His other film credits included Robert Altman's Popeye, Paul Mazursky's Moscow on the Hudson, Steven Spielberg's Hook and Woody Allen's Deconstructing Harry. On stage, Williams joined fellow comedian Steve Martin in a 1988 Broadway revival of Waiting for Godot.

"I dread the word 'art,'" Williams said in 1989. "That's what we used to do every night before we'd go on with Waiting for Godot. We'd go, 'No art. Art dies tonight.' We'd try to give it a life, instead of making Godot so serious. It's cosmic vaudeville staged by the Marquis de Sade."

His personal life was often short on laughter. He had acknowledged drug and alcohol problems in the 1970s and '80s and was among the last to see John Belushi before the Saturday Night Live star died of a drug overdose in 1982.

Williams announced in recent years that he was again drinking but rebounded well enough to joke about it during his recent tour.

"I went to rehab in wine country," he said, "to keep my options open."

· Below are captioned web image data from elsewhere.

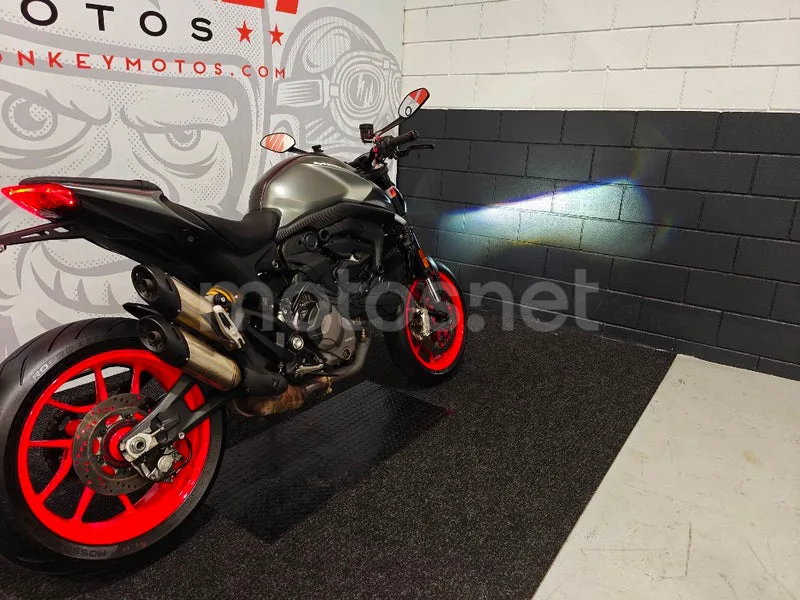 Ducati Monster - Vista 3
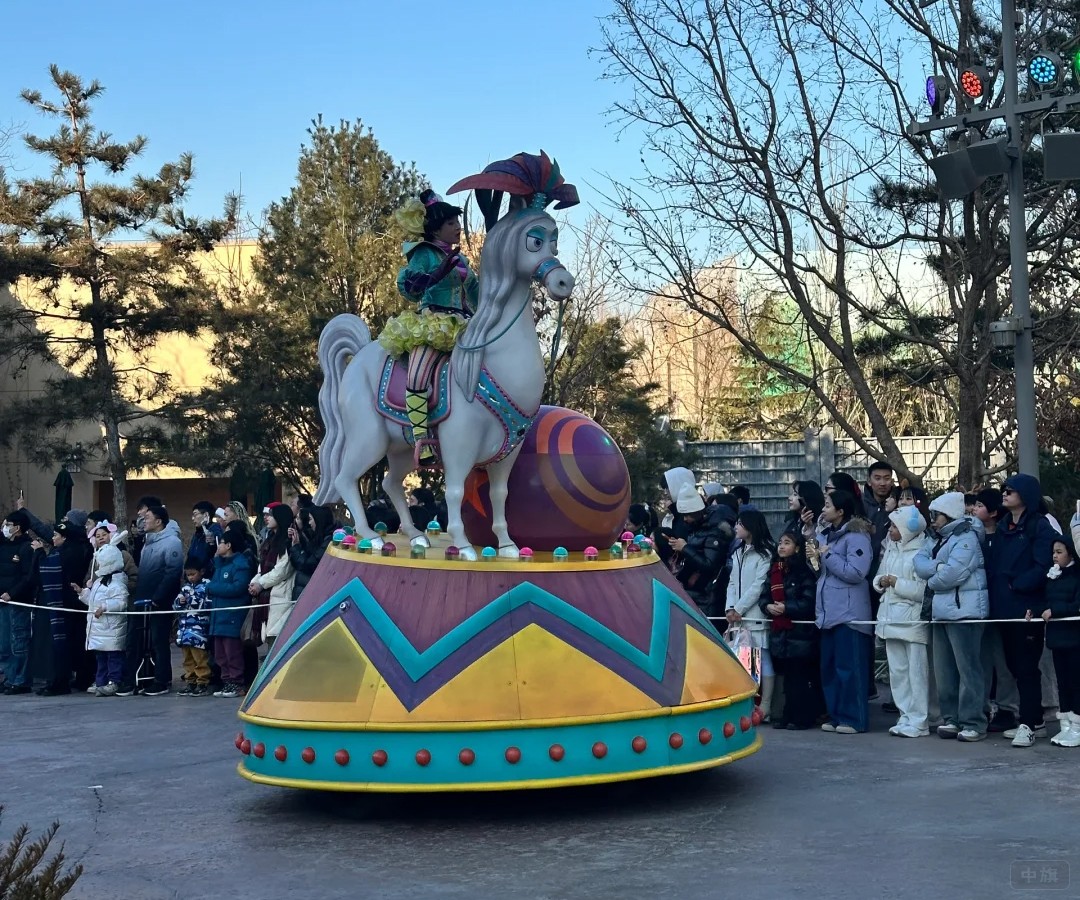 环球影城里工作人员的成本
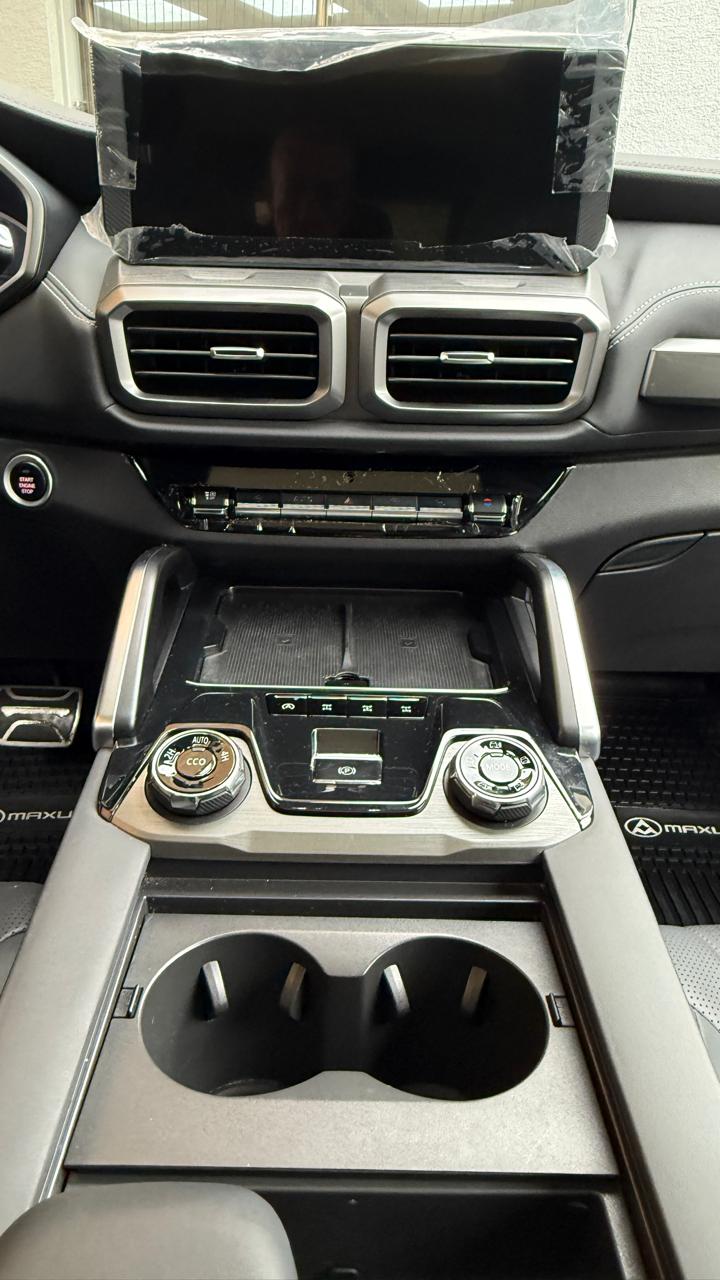 Maxus D90 2.0 Flagship Diesel 4WD AT 2025 (11.500 km)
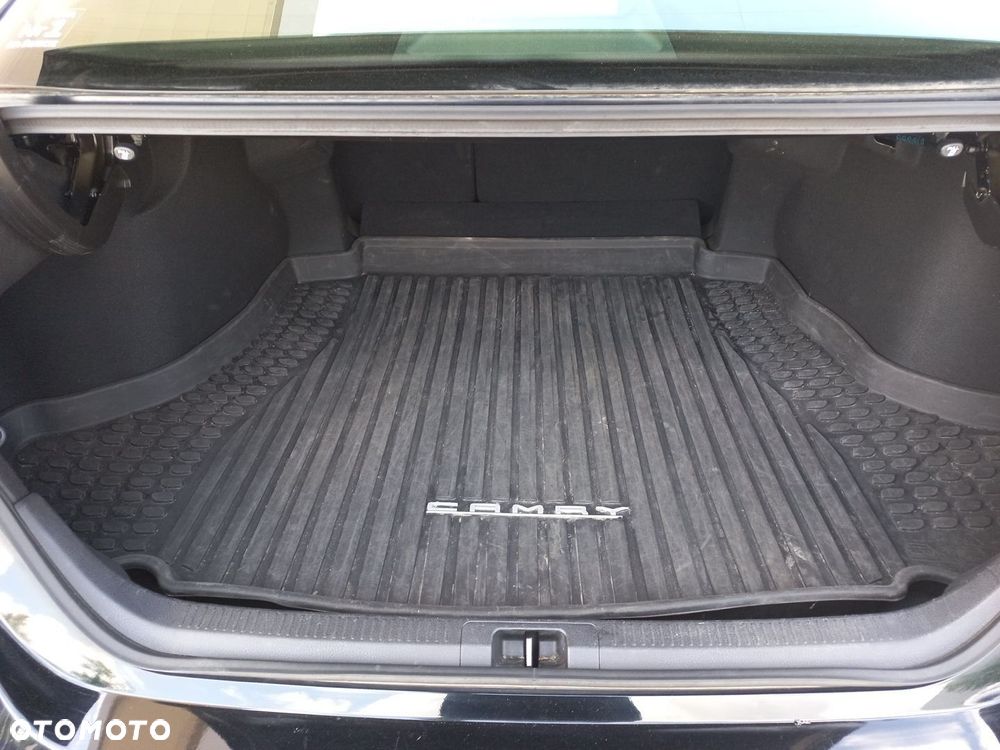 Toyota Camry 2.5 Hybrid Comfort CVT - 10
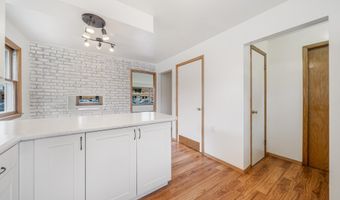 1500 E LINDBERGH St, Appleton, WI 54911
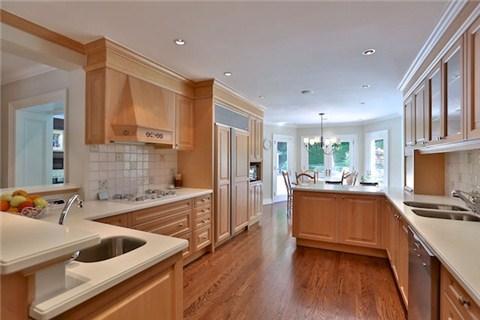 14 York Valley Cres, House detached with 4 bedrooms, 4 bathrooms and 6 parking in Toronto ON | Image 7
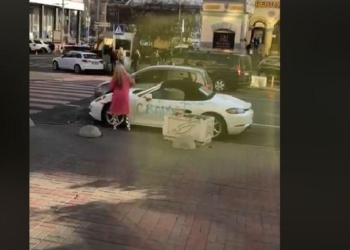 Не огорчайте женщин: в центре Киева девушка писала на  Porsche ругательства и рубила его топором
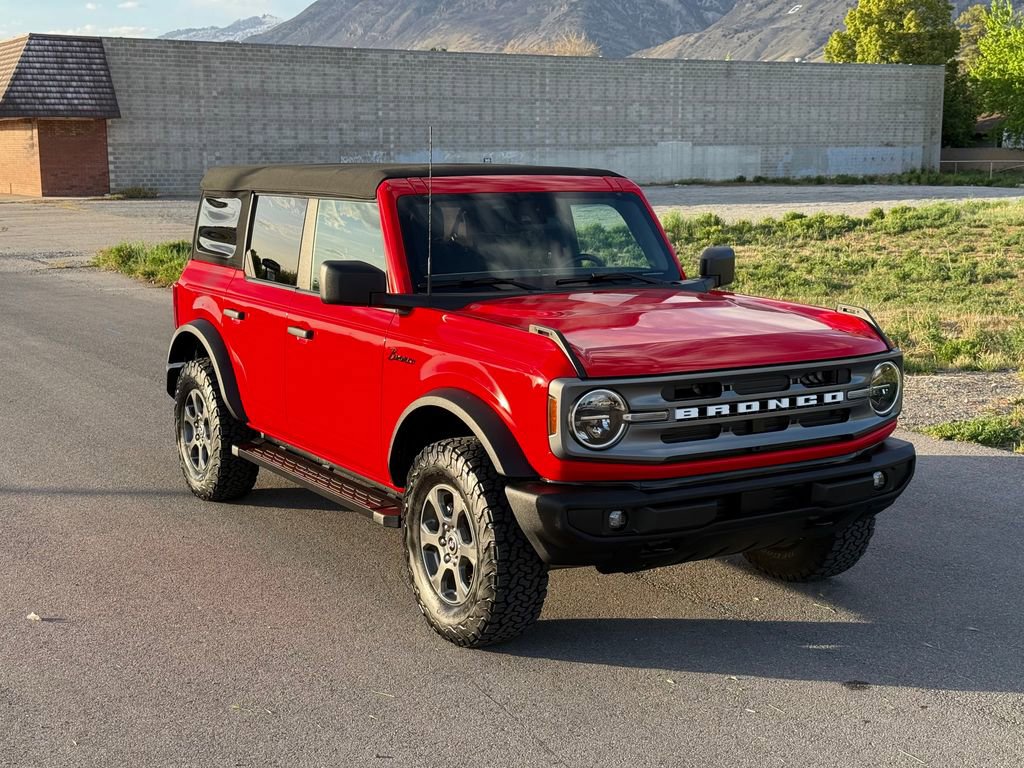 Used 2021 Ford Bronco Big Bend image 2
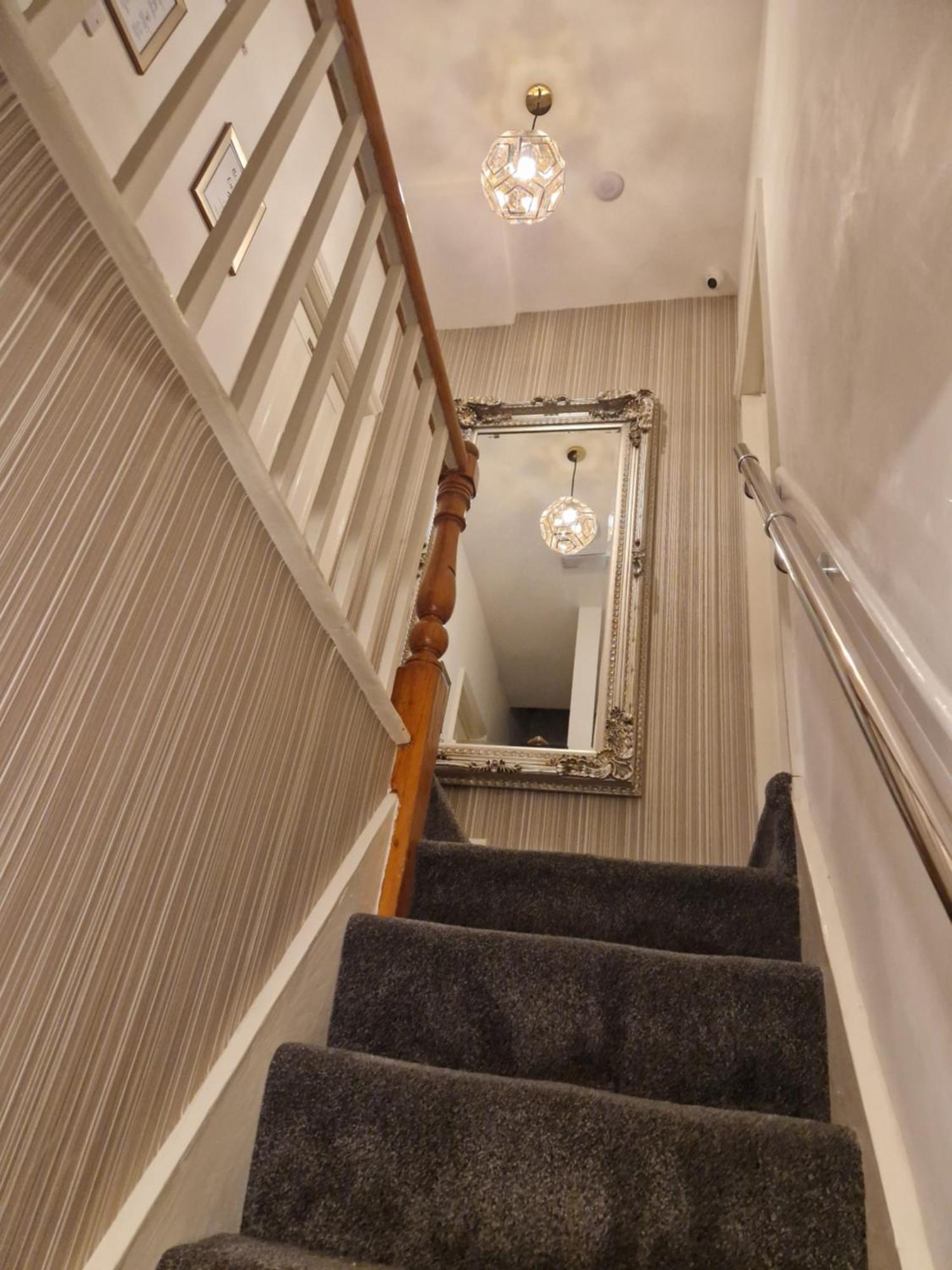 Highfields Living - All Rooms Ensuite- Free Wifi- Free Local Parking Sheffield Exteriör bild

Born in Chicago in 1951, Williams would remember himself as a shy kid who got some early laughs from his mother -- by mimicking his grandmother. He opened up more in high school when he joined the drama club and he was accepted into the Juilliard Academy, where he had several classes in which he and Christopher Reeve were the only students and John Houseman was the teacher.

Encouraged by Houseman to pursue comedy, Williams identified with the wildest and angriest of performers: Jonathan Winters, Lenny Bruce, Richard Pryor, George Carlin. Their acts were not warm and lovable. They were just being themselves.

He unveiled Mork, the alien from the planet Ork, in an appearance on Happy Days and was granted his own series, which ran from 1978-82.

Winner of a Grammy in 2003 for best spoken comedy album, Robin Williams -- Live 2002, he once likened his act to the daily jogs he took across the Golden Gate Bridge. There were times he would look over the edge, one side of him pulling back in fear, the other insisting he could fly.